What I now know is that the goal isn't to create the best plan; the goal is to create a good plan that people will own and implement. The problem with the 100 percent "perfect plan" is that there is no room for people to contribute. Without providing inputs, people often feel that change is being done to them. This can lead to resistance, or worse, indifference.
I remember defending one of my perfect plans to the detriment of its execution. Being technically right increased my ownership and decreased it in those who were being tasked with implementation. My inflexibility contributed to lukewarm execution. I had sabotaged the plan without knowing it.
It is essential that people are given opportunities to provide input into change programs and implementation. People must see their fingerprints on the change before they devote themselves to following it.
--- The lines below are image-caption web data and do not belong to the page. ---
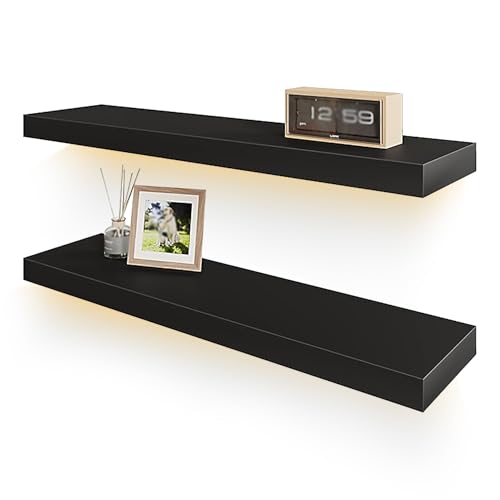 ERSINIAN Estante de Pared Flotante de Madera Negra (1 Unidad), con luz LED integrada, Ideal para Libros Infantiles, Sala de Estar o Dormitorio. Color Blanco. 60 cm (24 Pulgadas).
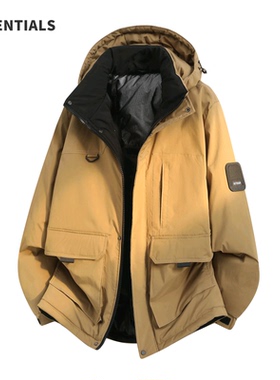 ESSENTIALS新款90绒羽绒服男冬季青少年连帽加厚保暖防寒冬装外套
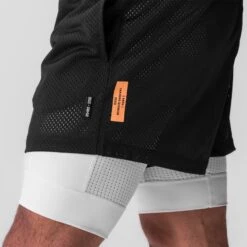0848. SilverPlus™ Mesh 5" Liner Short - Black/White "Training Division" -Fashion Shop Black MeshShorts 6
The 80 percent plan creates room for participation and co-creation, which leads to a pride, confidence, capability and ownership.
Here are some tips on how to gain buy-in for change through contribution:
- Refer to your plan as a "draft"
- Set up a team to review the plan
- Include a member of each group that is adopting the change
- Demonstrate you are actively listening to feedback by asking open-ended, clarifying questions
- Explain why some points of feedback will not improve the plan—don't make a change that will not improve the outcome
- Acknowledge when an approach is better than yours—it's a win for the person who came up with it
- Identify contributors by name: "Alka suggested that teams that work together should attend training together."
- Attribute success to the team—this encourages future contributions and successful changes
Buy-in and ownership are essential for successful change. Providing room for reflection, creation and contribution build a sense of purpose, commitment and resolve to do things differently. People must want to change themselves.